I am trying to implement Universal Messaging clustering in Master/Slave model. The steps followed are as below .
Two Universal Messaging Servers are installed on different hosts(Here, the hosts are docker containers ).
Created one instance of Realm Server (other than default , after shutting down the default instance).
Used the command as ./ninstancemanager.sh create umserver1 RS 0.0.0.0 9000 and
./ninstancemanager.sh create umserver2 RS 0.0.0.0 9000
Confirmed that there is no directory/folder as /naming/defaultContext in the instances created . (As UM clustering guide states before clustering creation steps & verification)
Next , connected to Enterprise manager & then selected option of connect to Realms.So, one by one both Realms were connected .
Selected cluster creation option . Provided Cluster Name and added the Realms .
Post adding the realms in cluster I can see small ‘c’ tagging on the realm servers connected .
Clicked On cluster name created and then clicked on sites option . Added Primary & secondary sites and then voted Primary for IsPrime .
Now, the problem is in cluster Summary page . The realm servers are showing itself as local but the other as either offline/Disconnected . The screen shots are attached here .
I tried telnet one Um host to another on the docker public port and it was getting connected .
When the messages shown in Cluster summary page is also varying as one realm says other as disconnected and other says as offline ?
Have I missed anything in the cluster set up steps? Could you please validate my steps followed and suggest if any other configurations need to be done.
Steps followed are correct. Did you see any log statments ?
Based on step you have listed, it’s the right approach.
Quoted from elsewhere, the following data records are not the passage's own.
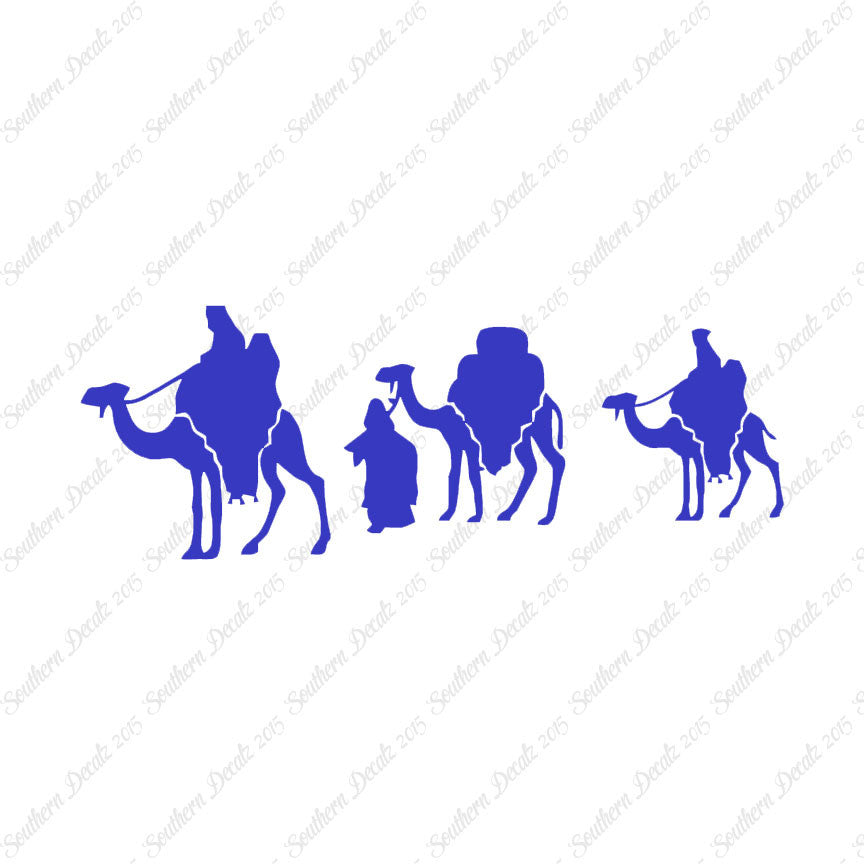 Three Wise Men Camel
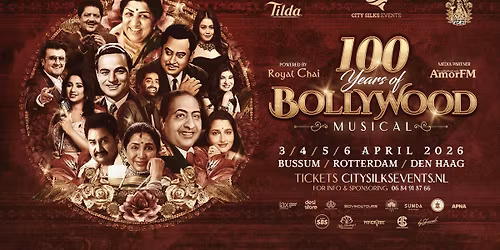 100 Years of Bollywood musical by citysilks events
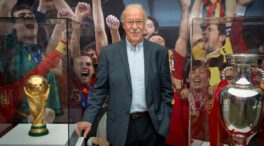 Vicente del Bosque, quince años después: «El fútbol es para ser feliz»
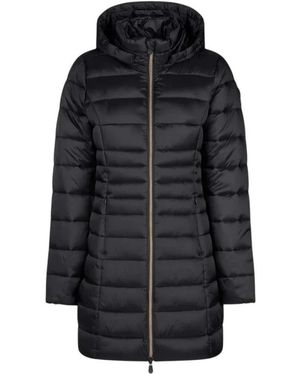 Save The Duck Winter Jackets - Black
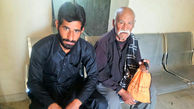 پیرمرد قلعه گنجی بعد از89سال صاحب شناسنامه شد+عکس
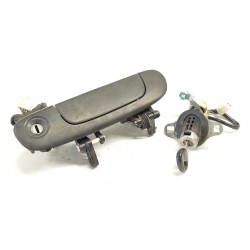 Recambio de maneta exterior delantera izquierda para mazda 323 berlina f/s (bj) 1.3 f glx referencia OEM IAM   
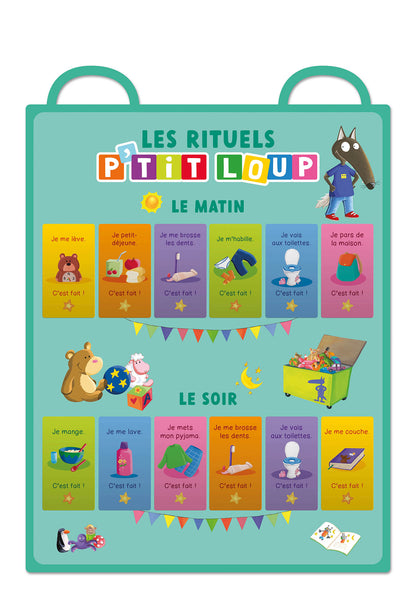Les rituels de P’tit Loup - Auzou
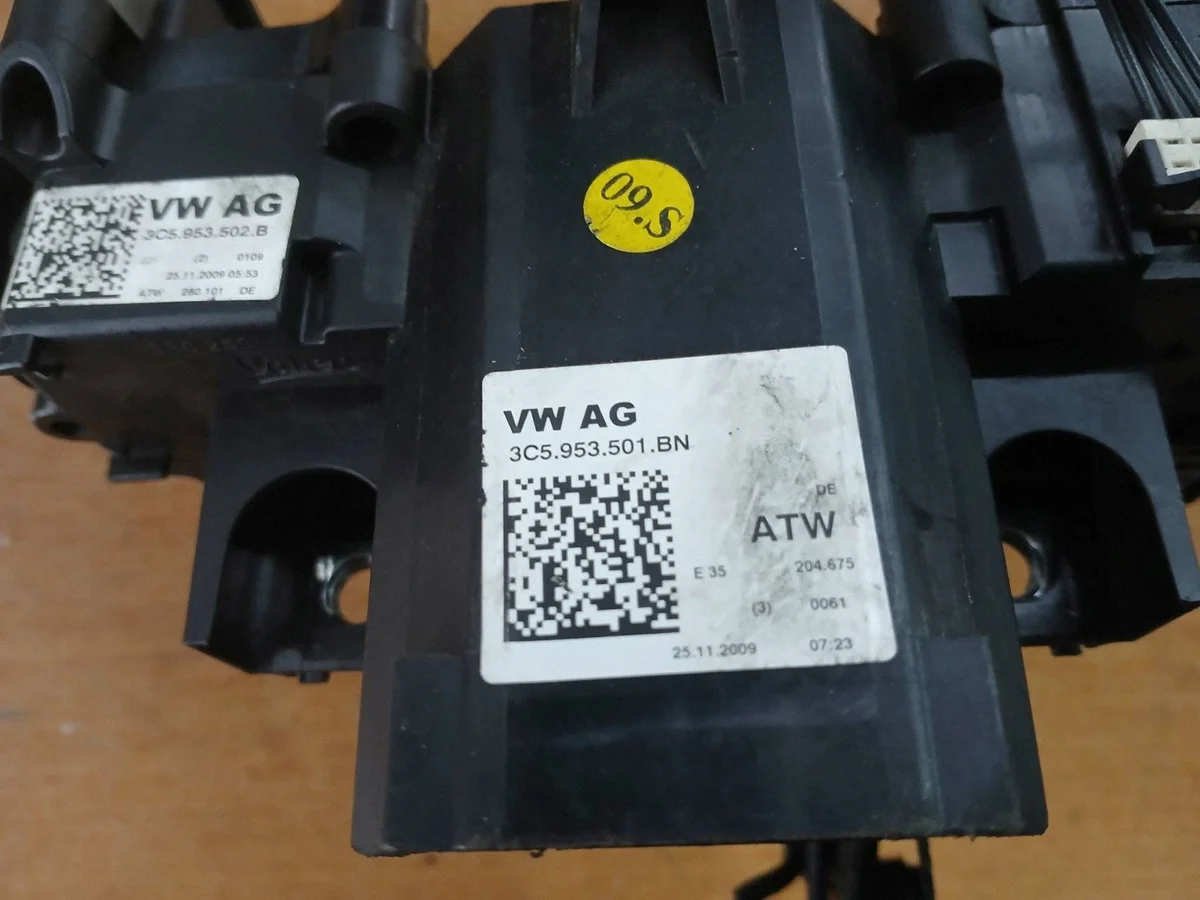 Manetas Tempomat VW Passat B6 3C5953502B image 4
However, make sure that secondary node is active, it looks nothing to do with clustering but umserver2 is not be active.
To achieve auto switch over in case of primary failure, it’s recommended to have at least 3 UM servers forming cluster instead of two.
Thanks for the response.
@ MR , I have checked the log files on both realm nodes .
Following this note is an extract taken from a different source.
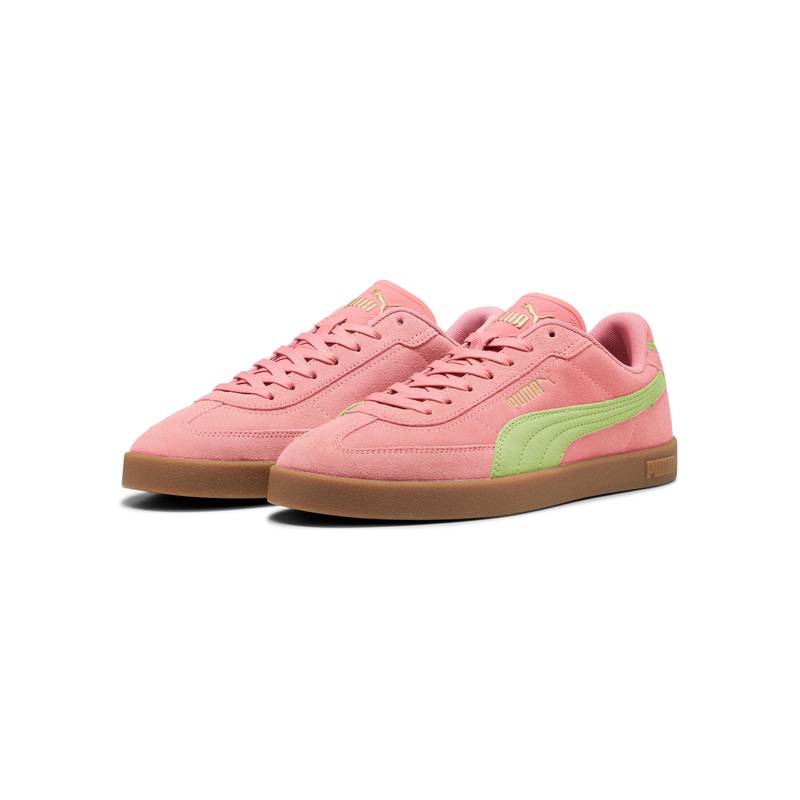 Club II Era Suede Sneakers – Pinkscape/Fizzy Light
The logs entry on of the node which is set as secondary keep on populating with message as
Cluster> Setting potential master to umserver2 yet master count is only 1.0 while we we need more than 1.0 for quorum
while the another node as message as
[Fri Jun 24 04:42:24 EDT 2016],MemoryManager: Called System GC to force memory to be released
[Fri Jun 24 04:42:24 EDT 2016],MemoryManager: Monitor: memory free, Before 909 MB, After 965 MB
As part of differentiating the set up , I have tried to create another real instance on the same node where umserver1 realm server was created . The realm server ,umserver3 was created with different port (9010).
After that I modified the cluster by taking out umserver2 and bringing umserver3 (hosted on same node as umserver1 created). The master/slave state is showing with other node as online . The attachment is there for the same . However on creation of one channel in umserver1 did not got reflected in umserver3. This is failure of successful cluster. Although the cluster summary page shows proper master/slave and all status as expected .
After this I reverted the node cluster with different host as previous implantation. This time I deleted the sited and recreated by giving the Primary to umserver2 (Earlier case umserver1 was set Primary) and voted IsPrime.
The cluster summary page shows strange message as both Master . Screen shot attached . However , the above log message stopped coming .
@ Ramesh , Both the server are active as you can see the realms are shown . Also, I have make sure the ports are listening by running the netstat command on both nodes .
$netstat -an|grep 9000
I am wondering whether there is any communication need to be open between the servers when realm server are on two different docker containers.
Although the cluster summary page shows the master/slave properly as in screen shot attached , why the channels are not getting reflected across realm cluster?
Is there any extra configurations /parameter need to be set up ?
Add another Realm node to the cluster. It is not able to form the quorum and hence the issue.
Thanks for the suggestion. Of course , the odd number of RS are recommend . Here is the requirement is of two node UM cluster .
However , my implementation method of the cluster is using site concept which overrides the quorum requirement
(availability of more than 50% of the servers), and the cluster can operate with only 50%
The cluster with two sites (primary site and secondary site) and configures with setting the IsPrime flag in the primary site. In this case, the primary site with the IsPrime flag gets an extra vote.
The weird part is that one one node other offline but other says its disconnected . later reversing the IsPrime flag the message changed but still other node says offline .
Also, when cluster gets establish with RS (Realm Server) created on same host , when I create Connection Factory and try testing from IS ,I am getting the CF name listed with successful lookup .
However , the channel & queue creation are not getting synch up across cluster while creating on one RS.
which version you are using and do you have all latest fixes installed ?
It should reflect when you create a channel from cluster in all realms forming the cluster, when you browse for .mem file of the channel it should appear in both installation locations. Note that, when a channel does not contain ‘c’ in a circle symbol then it’s not participating in cluster obviously becomes a local channel.
I don’t recall any specific configuration requirement.